• [Task item]
Begin at the line containing "فطستت مو صاحيين" and restate it and each line after it exactly, up to and including the last line below. Leave pictures out.
*** Opening of Extracted entries ***
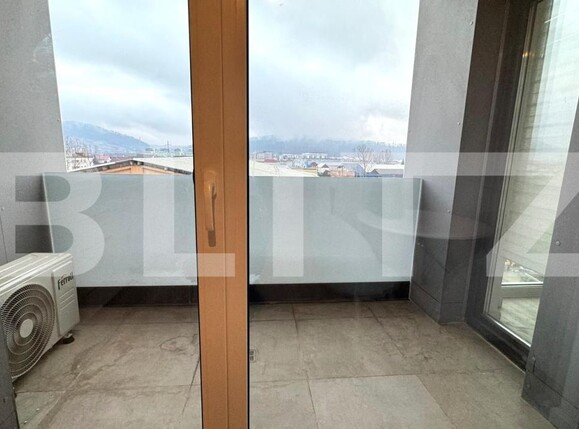 Apartament de închiriat 2 camere Sud-Vest - 188768AI | BLITZ Bistriţa | Poza6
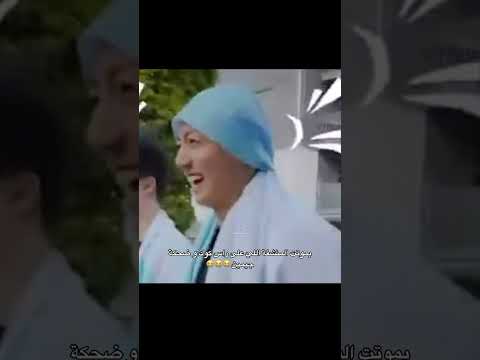 فطستت مو صاحيين كأنهم معيز  7      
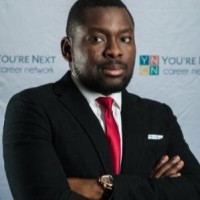 Taofeek Oseni, P.Eng., Pmp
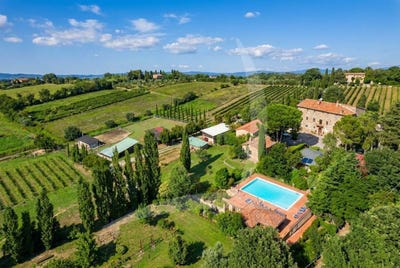 /international/it/perugia-umbria-310108325555/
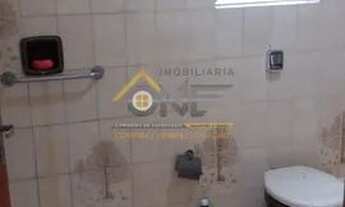 Imagem 7: CASA RESIDENCIAL em INDAIATUBA - SP, JARDIM CALIFÓRNIA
*** Close of Extracted entries ***
• [Response to the task]
 فطستت مو صاحيين كأنهم معيز  7      
 Taofeek Oseni, P.Eng., Pmp
 /international/it/perugia-umbria-310108325555/
 Imagem 7: CASA RESIDENCIAL em INDAIATUBA - SP, JARDIM CALIFÓRNIA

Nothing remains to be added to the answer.